▶ [REQUIREMENT]: Nothing is needed except the lines below that run from the one with "KTM 890 Duke L 2 of 16" through the one with "córka bogini księżyca", repeated exactly.

▶ [DATA SECTION]:

⟨

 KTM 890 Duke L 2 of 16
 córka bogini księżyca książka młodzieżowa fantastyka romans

⟩
⟨

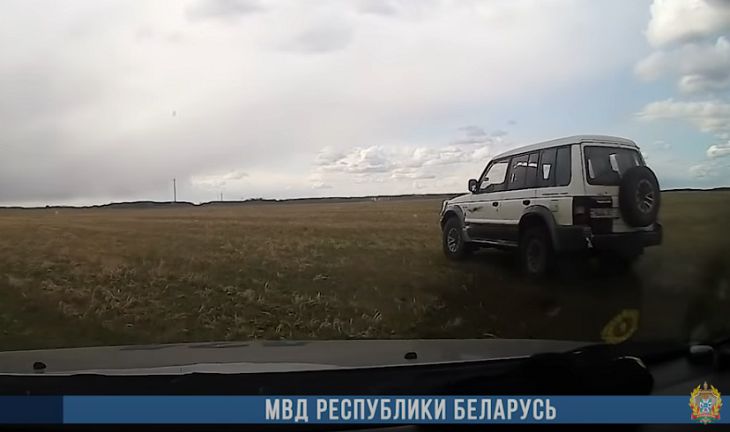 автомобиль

⟩

▶ [COMPLETED TASK]:
 KTM 890 Duke L 2 of 16
 córka bogini księżyca książka młodzieżowa fantastyka romans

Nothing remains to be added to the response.